Disagreement makes markets. Every time you buy a stock, someone on the other side has to be selling it. You’re making a bet that the stock is going to outperform in the future; the other person is betting that it will underperform.

This point seems obvious, but it’s one that investors forget time and time again when they try to chase “sure things.” Many ignored this fact when they fell for Bernie Madoff’s Ponzi scheme. They forgot it when they chased highflying stocks like Twitter (TWTR), LinkedIn (LNKD), or Valeant (VRX) (and many others). Any investment that seems too good to be true probably is.

Chuck Jaffe of MoneyLife and MarketWatch.com made an excellent point on this topic in his recent article, “Here’s One Stock Market Tip You Really Want to Follow.”

“On the MoneyLife show, money managers spend the bulk of their time discussing methodology and markets before moving to which stocks pass or fail their personal tests,” Jaffe writes. “In the end, however, what most people remember is the simple buy-sell-hold recommendation.”

That’s a problem, Jaffe argues, because he often gets different money managers taking opposite opinions on the same stock.
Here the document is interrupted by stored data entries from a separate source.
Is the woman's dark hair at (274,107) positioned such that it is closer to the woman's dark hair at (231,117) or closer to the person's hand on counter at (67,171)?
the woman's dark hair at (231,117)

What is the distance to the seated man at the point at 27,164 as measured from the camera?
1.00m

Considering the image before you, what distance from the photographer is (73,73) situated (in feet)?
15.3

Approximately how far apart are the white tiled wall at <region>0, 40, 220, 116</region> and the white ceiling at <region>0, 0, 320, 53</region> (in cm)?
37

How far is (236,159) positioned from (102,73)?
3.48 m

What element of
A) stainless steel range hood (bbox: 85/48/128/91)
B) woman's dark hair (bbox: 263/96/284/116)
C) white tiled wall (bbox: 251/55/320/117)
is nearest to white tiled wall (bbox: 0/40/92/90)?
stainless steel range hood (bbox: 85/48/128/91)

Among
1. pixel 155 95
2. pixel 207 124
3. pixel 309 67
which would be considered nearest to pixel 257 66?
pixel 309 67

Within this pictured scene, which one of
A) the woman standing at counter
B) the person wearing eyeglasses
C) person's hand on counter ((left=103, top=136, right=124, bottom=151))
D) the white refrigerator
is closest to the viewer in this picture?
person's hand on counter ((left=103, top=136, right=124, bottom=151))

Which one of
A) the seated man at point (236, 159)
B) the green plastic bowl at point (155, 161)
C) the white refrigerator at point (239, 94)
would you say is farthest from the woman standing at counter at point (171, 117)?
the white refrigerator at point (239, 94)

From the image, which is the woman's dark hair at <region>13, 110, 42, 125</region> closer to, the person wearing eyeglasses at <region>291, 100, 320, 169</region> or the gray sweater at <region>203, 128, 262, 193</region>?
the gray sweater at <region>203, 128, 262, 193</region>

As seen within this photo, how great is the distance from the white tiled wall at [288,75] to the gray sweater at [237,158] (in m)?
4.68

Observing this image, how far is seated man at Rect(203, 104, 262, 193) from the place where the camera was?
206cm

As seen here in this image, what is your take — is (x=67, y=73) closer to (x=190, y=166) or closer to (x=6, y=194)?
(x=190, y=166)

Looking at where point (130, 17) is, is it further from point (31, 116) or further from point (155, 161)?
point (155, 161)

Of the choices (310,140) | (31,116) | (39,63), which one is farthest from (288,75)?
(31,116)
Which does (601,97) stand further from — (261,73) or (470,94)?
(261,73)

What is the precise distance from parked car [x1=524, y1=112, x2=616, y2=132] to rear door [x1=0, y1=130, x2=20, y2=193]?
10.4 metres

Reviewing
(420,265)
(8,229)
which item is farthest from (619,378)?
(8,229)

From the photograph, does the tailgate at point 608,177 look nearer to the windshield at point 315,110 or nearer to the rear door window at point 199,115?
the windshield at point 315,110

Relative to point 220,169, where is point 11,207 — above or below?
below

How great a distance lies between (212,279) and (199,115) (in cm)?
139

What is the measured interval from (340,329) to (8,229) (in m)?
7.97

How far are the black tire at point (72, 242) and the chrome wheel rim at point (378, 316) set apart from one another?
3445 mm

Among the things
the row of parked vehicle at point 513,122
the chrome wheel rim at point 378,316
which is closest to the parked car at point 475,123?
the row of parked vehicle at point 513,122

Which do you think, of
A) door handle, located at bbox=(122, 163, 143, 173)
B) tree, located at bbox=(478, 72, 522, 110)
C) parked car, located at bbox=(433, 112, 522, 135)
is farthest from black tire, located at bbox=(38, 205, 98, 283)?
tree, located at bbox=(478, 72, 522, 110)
These are (presumably) sophisticated investors, with similar styles, who have taken a deep look at the same stocks and come to opposite conclusions. For every very smart investor that believes a security is undervalued, there’s usually another smart person with their own reasons to believe that it’s overvalued.

Recently we faced off against another analyst over Valeant Pharmaceuticals. The other analyst put more emphasis on the company’s stated numbers, leading him to call it a good buy. We reiterated our position that VRX has questionable accounting and its business model destroys shareholder value.

Investors couldn’t just look at the headline to make their decision; they had to dig into the logic and methodology of each argument to decide who they thought was right (given VRX’s 50% drop this week, we think that was us).